Hey upstate ollie pop up an intro in he hi section and tell us about you and your cockapoo.


----------



## Dave (May 25, 2009)

Benny has big brown eyes.


----------



## Morph (Jan 28, 2010)

Darla has dark brown everthing!
Coat, nose, eyes.


----------



## Alice (Jul 4, 2009)

ben has big dark brown eyes:]


----------



## newdogmommy (Jan 3, 2010)

Big Brown eyes , looks like a log of them have brown eyes !!


----------



## Dawny (Mar 28, 2010)

hi wispa is chocolate colour but has hazel/green eyes when you can see them!!!


----------



## Upstate Ollie (Mar 15, 2010)

Kendal, 
I just wrote my intro but wanted to tell you that your pups are so precious.


----------



## CutieCocoaCockapoo (Jan 1, 2010)

Dawny: I was wondering.. Are Wispa's eyes green in the middle & hazel on the outer edges? Cocoa's eyes are green, but sometimes they're green more towards the middle, with a shade of hazel mixed with a yellow-ish color on the outer edges.


----------



## CutieCocoaCockapoo (Jan 1, 2010)

kendal said:


> i dont think i have ever seen a dog with green eyes, does it show up in photos, i would love to see them.
> 
> Gypst has caramel eyes
> Inca and Echo are both dark brown.


Kendal, you can kind of see that his eyes are green in this photo


----------



## kendal (Jul 16, 2009)

awww so cute, lol its also like there is a wee heart shape in his eye


----------



## mum2bobs (Jun 23, 2010)

What a lovely dog  I didnt know any dogs had green eyes!


----------



## hollyberry70 (Aug 3, 2010)

ours has dark brown eyes.


----------



## hollyberry70 (Aug 3, 2010)

wow very interesting. he must be one of a kind with those beautiful green eyes.he certainly is very cute.


----------



## connie (Oct 4, 2010)

Milo has dark brown eyes...they often look like they are black!


----------



## Jesarie (Sep 9, 2010)

Axle Bear has deep brown eyes. <3 Looks amazing because he is all white with blonde ears and has a brown mustache! He also has black around his eyes so I always tell my husband he should be the new spokes person for Cover Girl, the smokey eyes! lol


----------



## connie (Oct 4, 2010)

Milo has dark brown, almost black eyes


----------



## Jesarie (Sep 9, 2010)

Axle has the smokey eye look. He should DEF be the new Cover Girl spokes "man". lol He is adorable!


----------



## Marlene (Aug 25, 2010)

Bailey's eye's are so dark brown they almost look black. His color is Irish Cream with brown ears...so cute!! He'll be 6 months old next week.


----------



## Jesarie (Sep 9, 2010)

So cute! And Happy early birthday Bailey!! Axle will be 5 months next month!


----------



## Marlene (Aug 25, 2010)

Jess, is your puppy into everything? Bailey loves to chew floor mats, towels, toilet tissue, and outside he goes for twigs, leaves, etc. It's a constant battle!!

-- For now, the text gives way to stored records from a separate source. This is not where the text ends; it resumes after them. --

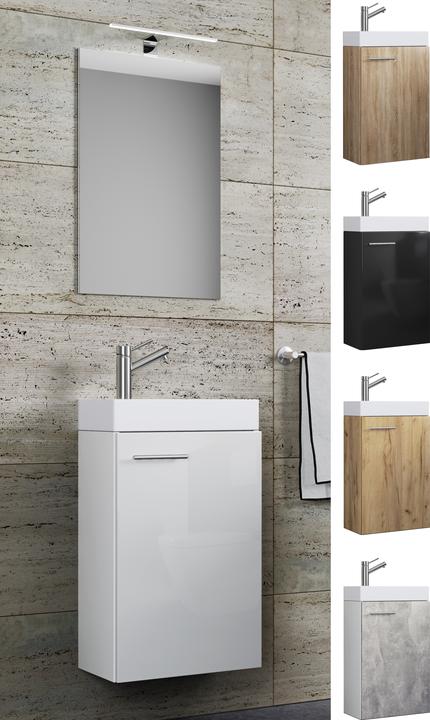Produktbild VCM 3 tlg. Gäste WC Waschplatz Waschtisch Slito Spiegel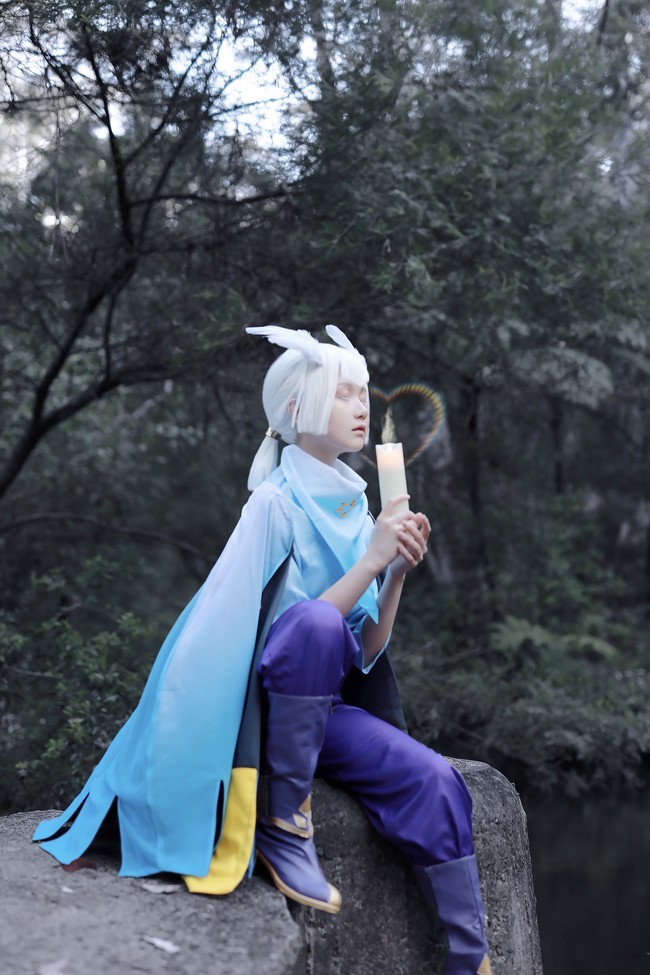 sky光遇cosplay正片图赏光遇白鸟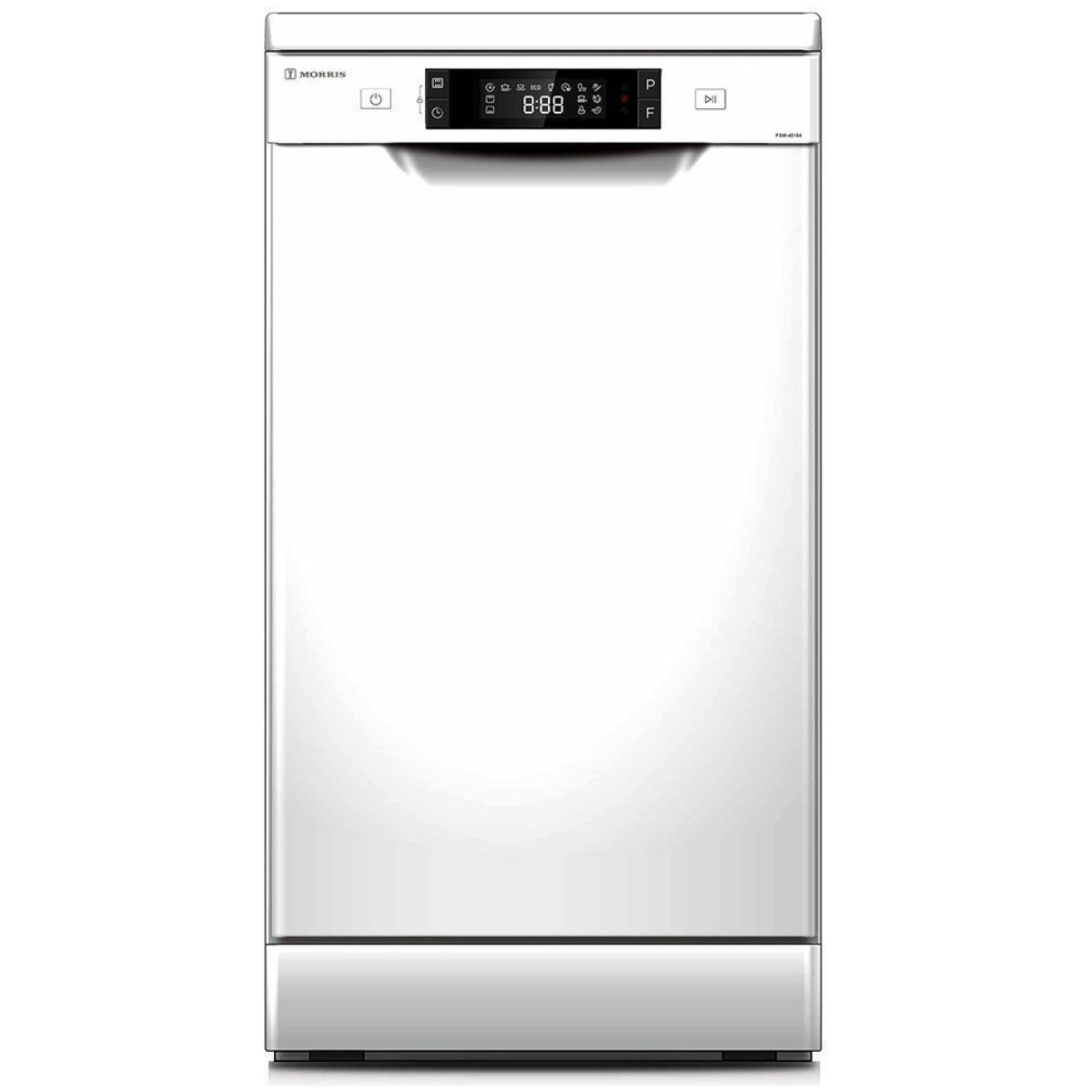 Morris FSW-45104 Ελεύθερο Πλυντήριο Πιάτων για 10 Σερβίτσια Π44.5xY84.5εκ. Λευκό (ΕΩΣ 12 ΔΟΣΕΙΣ) - Image 1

But on the bright side, he's so darn "lovable"!!!


----------



## Jesarie (Sep 9, 2010)

Marlene, omg yes! He loves and I mean LOVES twigs and sticks! So damn cute. And he runs crazy fast laps in the yard and in the house. It is a constant battle with him too but at the end of the day when he wants to cuddle and gives me kisses I seem to forget all that. lol But right now Axle is in his crate again. ;( My husband took him for a walk he did all his business, then he walked into my room and peed on the floor...again. How is potty training with Bailey going?


----------



## Marlene (Aug 25, 2010)

LOL - Bailey does exactly these thing - runs around in our yard with twigs and leaves. When he gets over excited in the house when my family comes to visit - he also runs around the house like a "tornado" ... so funny to watch. 
Don't know what to tell you about the peeing in your house, just continue to give him treats everytime he makes outside and keep praising him. GOOD LUCK 
Are you going to have Axle neutered?? Our vet recommends it, so we'll probably have it done in November after all his baby teeth fall out.


----------



## Jesarie (Sep 9, 2010)

LOL Like a tornado! I know exactly what you mean! Axle does that too and he runs so fast around the house that you can hear him breathing. It's so funny! Axle's potty training is actually going better. I take him out about every 3 hours for a walk and he goes almost every time. I do plan on getting him neutered. I know that it is better for him in the end, because if you do not get a dog fixed there is a chance of long term illness and I don't want that. November is when we plan on getting him fixed as well! I will miss Axle when he has to stay over night ;(


----------



## Marlene (Aug 25, 2010)

Jess - we just came back from a short trip, we were away for 3 days. Friends of ours took care of Bailey for us. I have to tell you that I couldn't wait to come home and see him, so I know exactly how you feel about leaving Axle. 
We have an appt with our vet on Nov. 12th & will probably pick a date for the neutering then. Will keep you posted. Good luck with Axle and let me know how you make out.
Marlene


----------



## Jesarie (Sep 9, 2010)

3 days! I would obviously do it but I would miss him so much. His puppy stage right now makes me want a break sometimes but he is just too adorable and I know that when I am not around he goes crazy! I took him to the groomers about 3 weeks ago and he was alone for 3 hours and when I came to pick him up OMG he was going INSANE like I had been gone for ATLEAST 3 years! lol It makes you feel good though knowing how much an animal truly loves and needs you.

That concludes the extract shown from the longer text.